According to the documentation, CategoricalAccuracy and FBetaMultiLabelMeasure take the same inputs. (predictions: torch.Tensor
of shape [batch_size, ..., num_classes]
, gold_labels: torch.Tensor
of shape [batch_size, ...]
)
But for some reason the input that worked perfectly well for the accuracy results in a RuntimeError when given to the f1-multi-label metric.
I condensed the problem to the following code snippet:
>>> from allennlp.training.metrics import CategoricalAccuracy, FBetaMultiLabelMeasure
>>> import torch
>>> labels = torch.LongTensor([0, 0, 2, 1, 0])

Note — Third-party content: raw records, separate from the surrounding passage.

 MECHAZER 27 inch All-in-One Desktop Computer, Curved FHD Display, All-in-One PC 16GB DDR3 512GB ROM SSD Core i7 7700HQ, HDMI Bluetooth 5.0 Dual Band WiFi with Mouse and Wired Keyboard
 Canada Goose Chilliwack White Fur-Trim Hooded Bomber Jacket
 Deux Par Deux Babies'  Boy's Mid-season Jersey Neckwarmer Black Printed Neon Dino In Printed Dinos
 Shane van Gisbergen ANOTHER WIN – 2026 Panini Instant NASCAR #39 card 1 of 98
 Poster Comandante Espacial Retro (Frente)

>>> logits = torch.FloatTensor([[ 0.0063, -0.0118, 0.1857], [ 0.0013, -0.0217, 0.0356], [-0.0028, -0.0512, 0.0253], [-0.0460, -0.0347, 0.0400], [-0.0418, 0.0254, 0.1001]])
>>> labels.shape
torch.Size([5])
>>> logits.shape
torch.Size([5, 3])
>>> ca = CategoricalAccuracy()
>>> f1 = FBetaMultiLabelMeasure()
>>> ca(logits, labels)
>>> f1(logits, labels)
Traceback (most recent call last):
File "<stdin>", line 1, in <module>
File ".../lib/python3.8/site-packages/allennlp/training/metrics/fbeta_multi_label_measure.py", line 130, in __call__
true_positives = (gold_labels * threshold_predictions).bool() & mask & pred_mask
RuntimeError: The size of tensor a (5) must match the size of tensor b (3) at non-singleton dimension 1
Why is this error happening? What am I missing here?
You want to use FBetaMeasure
, not FBetaMultiLabelMeasure
. "Multilabel" means you can specify more than one correct answer, but "Categorical Accuracy" only allows one correct answer. That means you have to specify another dimension in your labels.
I suspect the documentation of FBetaMultiLabelMeasure
is misleading. I'll look into fixing it.